- Assignment
Once you find the line with "Padahastasana. Stand in" in the entries below, return exactly every line from it through the line with "Hi bro. I used".

- Input records
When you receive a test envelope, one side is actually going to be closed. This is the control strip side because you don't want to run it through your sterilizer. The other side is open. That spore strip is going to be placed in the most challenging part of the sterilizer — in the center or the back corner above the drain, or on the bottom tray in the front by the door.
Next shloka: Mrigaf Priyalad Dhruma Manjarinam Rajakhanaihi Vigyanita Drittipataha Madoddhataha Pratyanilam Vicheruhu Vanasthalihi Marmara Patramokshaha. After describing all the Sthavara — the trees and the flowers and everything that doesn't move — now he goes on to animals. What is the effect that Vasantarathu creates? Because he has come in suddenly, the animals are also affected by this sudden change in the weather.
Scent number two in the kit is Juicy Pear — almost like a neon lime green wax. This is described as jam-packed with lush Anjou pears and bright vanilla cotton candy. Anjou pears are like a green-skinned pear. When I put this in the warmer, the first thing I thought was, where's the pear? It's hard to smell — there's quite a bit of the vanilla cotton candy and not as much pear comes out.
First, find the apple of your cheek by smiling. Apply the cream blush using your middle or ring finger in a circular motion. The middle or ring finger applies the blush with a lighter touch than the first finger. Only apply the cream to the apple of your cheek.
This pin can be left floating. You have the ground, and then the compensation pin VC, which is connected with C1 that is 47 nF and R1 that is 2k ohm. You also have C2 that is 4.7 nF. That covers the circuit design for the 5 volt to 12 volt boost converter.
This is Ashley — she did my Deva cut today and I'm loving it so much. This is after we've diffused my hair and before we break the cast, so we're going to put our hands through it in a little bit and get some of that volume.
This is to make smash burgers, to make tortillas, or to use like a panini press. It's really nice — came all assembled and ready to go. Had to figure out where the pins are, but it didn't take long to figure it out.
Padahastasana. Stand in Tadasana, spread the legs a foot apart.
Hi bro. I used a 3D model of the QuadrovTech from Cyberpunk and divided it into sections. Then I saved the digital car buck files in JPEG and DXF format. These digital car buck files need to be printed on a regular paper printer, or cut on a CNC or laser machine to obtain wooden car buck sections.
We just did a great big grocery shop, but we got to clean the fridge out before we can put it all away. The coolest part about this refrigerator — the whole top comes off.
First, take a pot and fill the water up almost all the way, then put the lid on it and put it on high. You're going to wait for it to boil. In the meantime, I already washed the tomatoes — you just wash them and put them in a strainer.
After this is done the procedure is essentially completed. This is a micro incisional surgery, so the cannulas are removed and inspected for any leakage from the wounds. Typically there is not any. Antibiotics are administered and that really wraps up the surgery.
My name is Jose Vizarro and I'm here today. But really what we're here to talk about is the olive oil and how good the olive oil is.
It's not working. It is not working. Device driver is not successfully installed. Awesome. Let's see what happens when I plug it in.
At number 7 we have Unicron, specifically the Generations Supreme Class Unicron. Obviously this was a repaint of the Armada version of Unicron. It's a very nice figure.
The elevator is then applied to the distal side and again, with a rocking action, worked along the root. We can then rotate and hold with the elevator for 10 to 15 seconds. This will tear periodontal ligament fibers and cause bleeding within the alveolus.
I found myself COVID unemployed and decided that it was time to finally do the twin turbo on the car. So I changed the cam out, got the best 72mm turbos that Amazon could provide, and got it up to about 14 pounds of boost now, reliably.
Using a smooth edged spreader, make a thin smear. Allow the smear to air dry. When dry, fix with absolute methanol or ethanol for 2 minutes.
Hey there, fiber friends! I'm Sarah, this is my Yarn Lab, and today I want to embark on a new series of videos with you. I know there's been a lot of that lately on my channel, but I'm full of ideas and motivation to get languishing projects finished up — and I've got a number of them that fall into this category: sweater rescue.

- Worked solution
Padahastasana. Stand in Tadasana, spread the legs a foot apart.
Hi bro. I used a 3D model of the QuadrovTech from Cyberpunk and divided it into sections. Then I saved the digital car buck files in JPEG and DXF format. These digital car buck files need to be printed on a regular paper printer, or cut on a CNC or laser machine to obtain wooden car buck sections.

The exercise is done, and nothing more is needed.